Exercises for Chapter 10

In these exercises, we use again the database dbtuning and the survey table we have created in the chapter, but without the indexes for the city and year variables. You can regenerate this table with

library(RPostgres)

db <- dbConnect(Postgres(),
  dbname = "dbtuning",
  user = "postgres",
  password = "pgpasswd"
)
dbExecute(db, "DROP TABLE IF EXISTS survey")
dbExecute(db, "CREATE TABLE survey AS
          (SELECT * FROM
            generate_series(1,100) AS person,
            generate_series(1,1000) AS city,
            generate_series(1970, 2020) AS year,
            random() AS result)")

We also create a cities table with additional (random) data about the 1000 cities in the survey:

dbExecute(db, "DROP TABLE IF EXISTS cities")
dbExecute(db, "CREATE TABLE cities AS
          (SELECT * FROM
            generate_series(1,1000) AS id,
            random() AS city_var)")

Exercise 1: Automatically Creating Identifiers

As we have seen, it is highly recommended to have unique identifiers for the records in a table. These identifiers are often integer numbers. In this exercise, we will show how PostgreSQL helps you create and maintain these identifiers. This is done by adding a field of type serial to a table. A serial is an integer field, which is automatically populated by the database with unique values. Let’s see how this works. Add a new column id to the survey table that is of type serial. Next, check the values of the column by computing is minimum and maximum. Now, add a new record to the table (you can choose arbitrary values). When you do so, simply omit the value for the new id field! Finally, retrieve the newly inserted record and check what id value it has.

Exercise 2: Indexed and Non-indexed Joins between Tables

In this exercise, we explore how indexes affect joins between tables. As described above, we have a cities table that contains additional data about the cities that our survey respondents live in. We would like to join the survey data with the city-level data based on the city field in the survey table, which corresponds to the id field in the cities table.

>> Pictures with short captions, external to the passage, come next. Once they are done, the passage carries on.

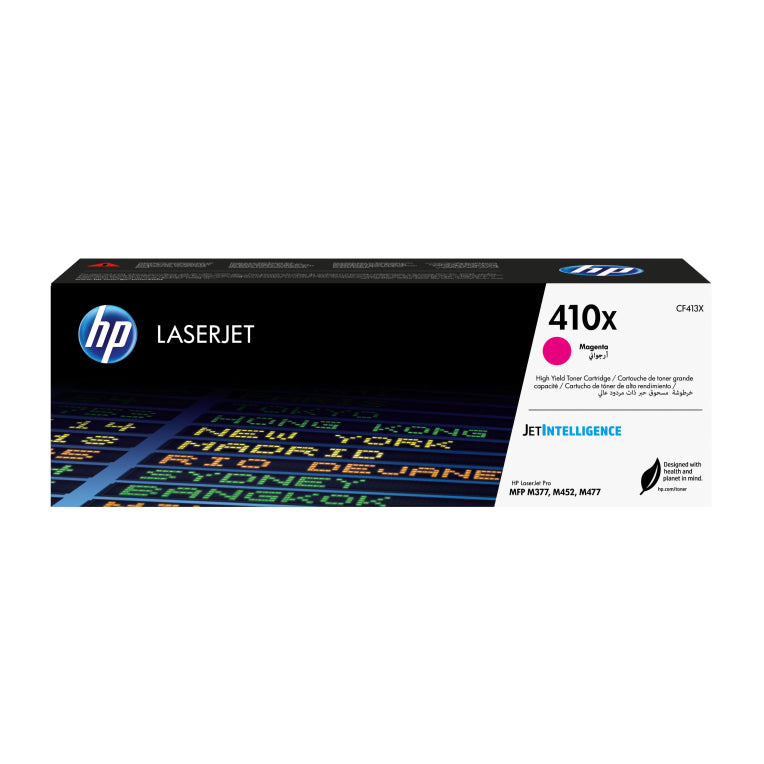 HP Cartucho de tóner original LaserJet 410X magenta de alta capacidad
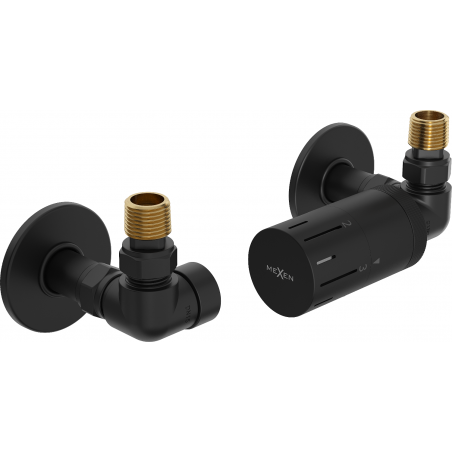 Mexen G05 Axial Thermostatic Set with R Cover, Black - W903-958-904-70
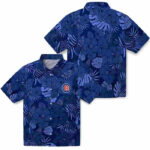 Jungle Vibes Blue Chicago Cubs Hawaiian Shirt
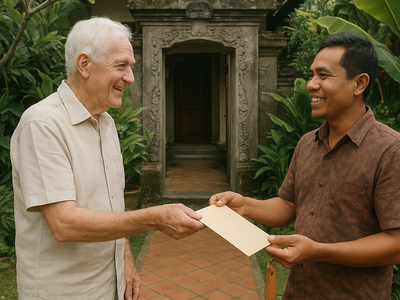 Can I live in Bali on Australian pension?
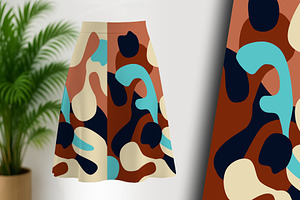 Coffee and Cream Abstract Modern Art, a Decorative Illustration by Sharon Schwalbe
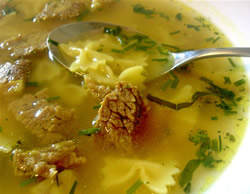 Овощной суп с крупой или макаронными изделиями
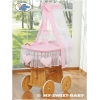 Rotan Wiegje voor Baby Roze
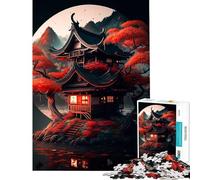 Puzzle for Teenagers 1000 Pieces Japanese Landscape House Help The Brain Exercise Pattern Assembly Toy Wall Decor for And 14 Years And over (38X26CM)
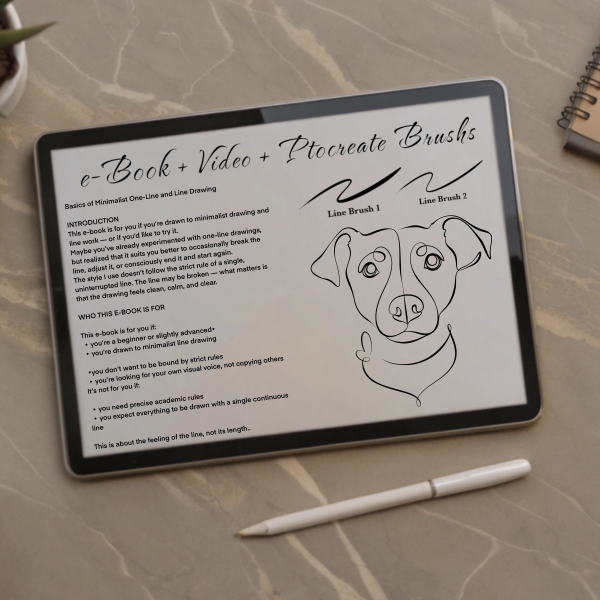 Line Art Guide e‑Book + Video + Brushes ! INTRODUCTORY PRICE !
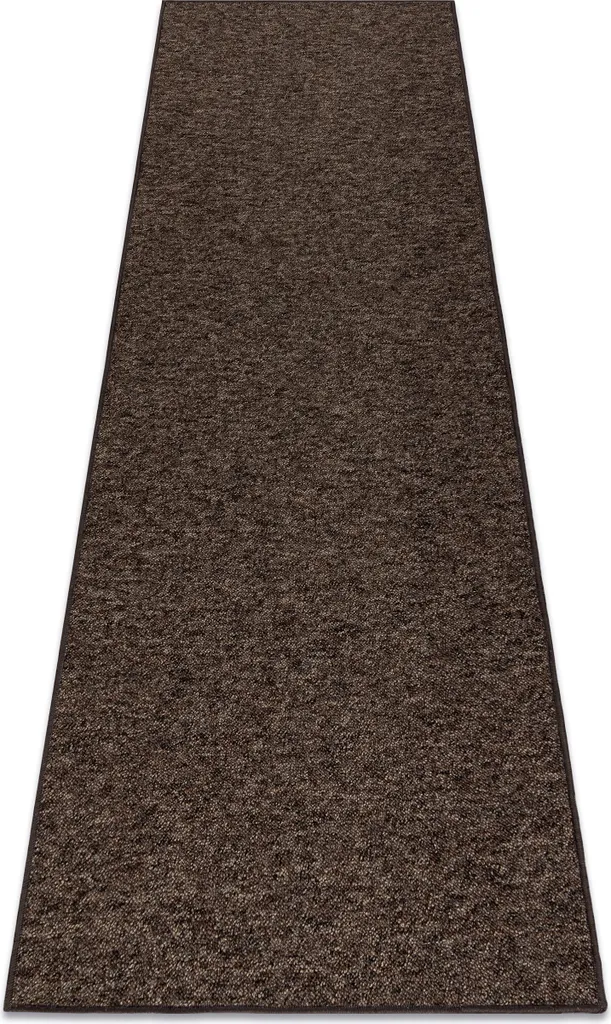 Tapis de course motorisé coloris marron 60x400 cm pour running à la maison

For each of the following joins, write a simple SELECT statement that counts the number of rows in the result (SELECT count(*) FROM ... JOIN ...) and measure the execution time.

Join the survey table with cities
Create a primary key on the id field in cities, and execute the join again. What do you observe?
Configure the database such that city in the survey table is now a foreign key that points to id in cities, and execute the join.

How does the execution time change during steps 1-3? Do you have an explanation for this?

Exercise 3: Indexing Text Fields

In this exercise, we explore if PostgreSQL’s default indexes also help up speed up searching text fields. For this, add a new column respondent_name of type VARCHAR column to the survey table. We fill this column with random strings. One way to do this is to use an UPDATE statement and assign the random strings as follows: respondent_name = md5(random()::text). Then, for each of the following operations, write a simple SELECT statement that counts the number of rows in the result (SELECT count(*) FROM ... WHERE ...) and measure the execution time:

Respondent names that contain the string abc
Respondent names that match the string abc exactly

For this, recall that the LIKE operator may be useful.

Next, create an index on respondent_name, repeat the two operations, and measure again the execution time. What do you observe? Where is the index most helpful?

Exercise 4: Database Privileges at the Column Level

In this exercise, we will deal again with database privileges that we have covered in the chapter. Recall that we have set up an additional user other, and we gave this user the privilege to SELECT and to UPDATE the surveys table. At the end of the chapter, we revoked all these privileges, so the user can no longer access the table in any way:

dbExecute(db, "REVOKE ALL PRIVILEGES ON survey FROM other")

Let us now assume that user other serves as a research assistant in a project, and you would like this person to update the survey data. However, you would like to limit the changes this user can perform to a single column, such that the existing table remains unchanged. Can you use the PostgreSQL online documentation to find out how to do this? Hint: Since UPDATE requires the user to also reference the column names, you need to also grant SELECT privileges. As in the chapter, make sure to open again a second connection db1, which connects as user other.